The above commands install Ruby, moves to to the user’s directory, uses the Ruby package manager to install rmate, then adds Ruby and it’s Gems (packages) executables to the environment variables. All of this is necessary to get Rmate working on Arch Linux.

Ok, let’s test it. Stop SSH’ing into your Pi by typing exit until it brings you back to your PC’s prompt. Now we are going to SSH into the Pi while listening for incoming files to be displayed in Visual Studio Code.

Open Visual Studio Code and open the integrated terminal (if it’s not showing hit CTRL + `).

At the terminal type

Replace the x with your Pi’s ip address.

This should SSH into the Pi while listening for files.

At the pi command prompt, type


This should open a new file called test.js in your Visual Studio Code.

Now you get all the goodness of the VSC IDE, such as syntax highlighting, linting, etc!

A few notes. File permissions still apply, so if you want to be able to save a file the user you logged into on the Raspberry Pi and rmated the file must have write permission on the file.

However, if you do have write permissions, then the “File Save” function in the VSC editor will update the Raspberry Pi file with your modifications.

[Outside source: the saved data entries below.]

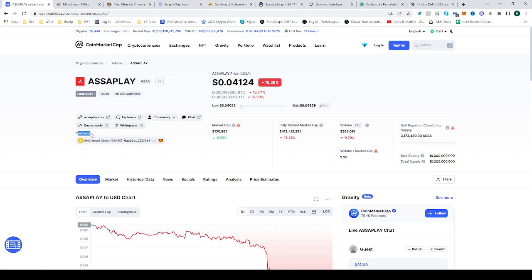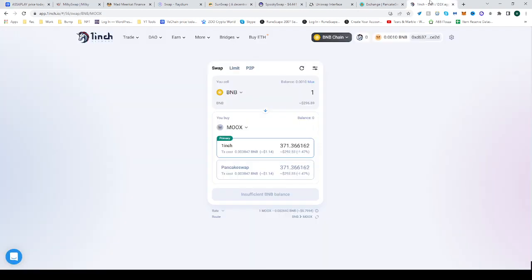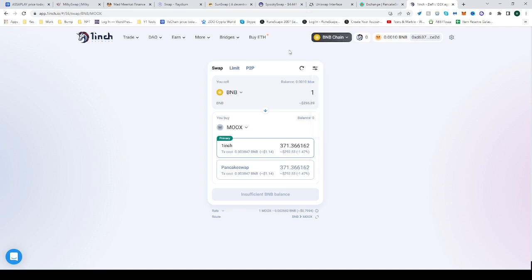Go to contracts, find the BNB Smart Chain and copy the address. Head over to 1inch. Be sure to be on the BNB Smart Chain. If you're not, switch to it from whatever you're currently using.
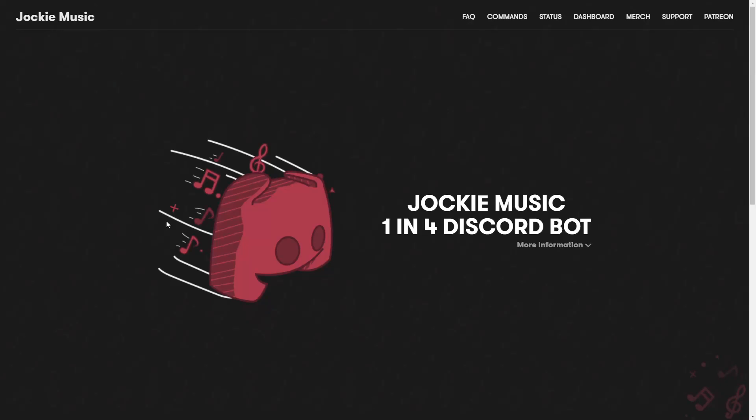Welcome! In this video I'll show you how you can invite the Jockey Music bot to your Discord server. First I want to show you how to invite the bot, and then I'll show you the dashboard and how you can actually set the bot up and use it to play music in your Discord server.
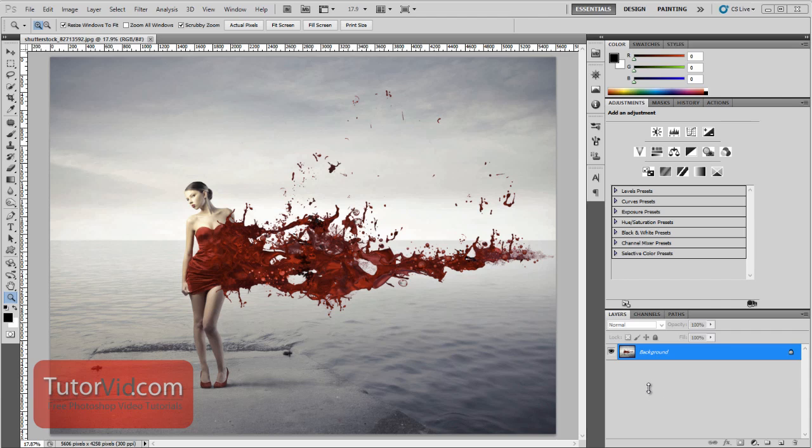Welcome to another Photoshop tutorial from TutorVid.com. This tutorial is going to show you 10 quick ways to zoom in and out and pan around your image.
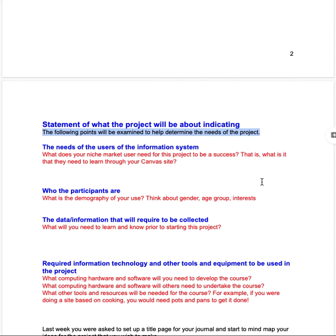I'm suggesting keeping the headings because that's what I'm looking for when I come to assess. The section is about the needs of the user of the information system — so what does your niche market user need for this project to be a success? That is, what do they need to learn through your Canvas site?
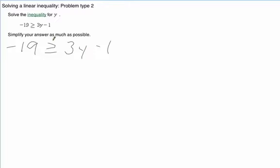We're going to treat this inequality sign just like we do an equal sign. In this case, we notice we've got a mismatch. We've got a variable term and a constant term. Those don't go together, so we need to get rid of that minus 1.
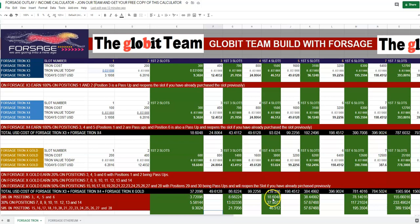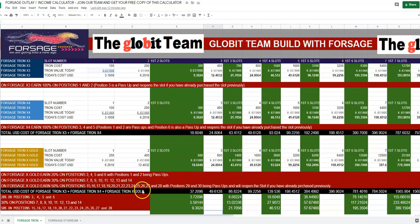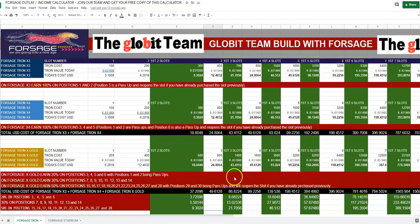On X Gold positions seven through fourteen, you receive 30% — so 30% of $93.24 is $27.90. On positions fifteen through twenty-eight, you receive 50% — so 50% of $93.24 is $46.51. Positions twenty-nine and thirty on X Gold are pass-ups and those reopen the slot.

Booyah!

One last annoyance to address. Whenever you want to use VSC to edit your file you have to log into the Pi using

This annoyed me a bit. I could never remember all that. Instead, I created a small bash script to help.

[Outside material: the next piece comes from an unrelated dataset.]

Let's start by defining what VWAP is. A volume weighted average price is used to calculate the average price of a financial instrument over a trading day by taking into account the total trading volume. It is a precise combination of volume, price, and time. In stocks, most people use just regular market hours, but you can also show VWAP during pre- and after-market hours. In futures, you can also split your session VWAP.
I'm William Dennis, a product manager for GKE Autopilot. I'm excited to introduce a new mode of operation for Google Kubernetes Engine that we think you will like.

On my PC (for Mac and Linux, Windows, you’re on your own) I created in my home user directory called

And added the following to the file.

Essentially, this script takes your Pi’s login information and logs in to your Pi using the VSC Remote Extension listening.

To get it to work you’ve got to make the file executable

Then login in your Pi like this

Hope you enjoy.

Visual Studio Code For Raspberry Pi

Oh, and for you web-devs, this also works for remote servers. Just replace the Pi with the server.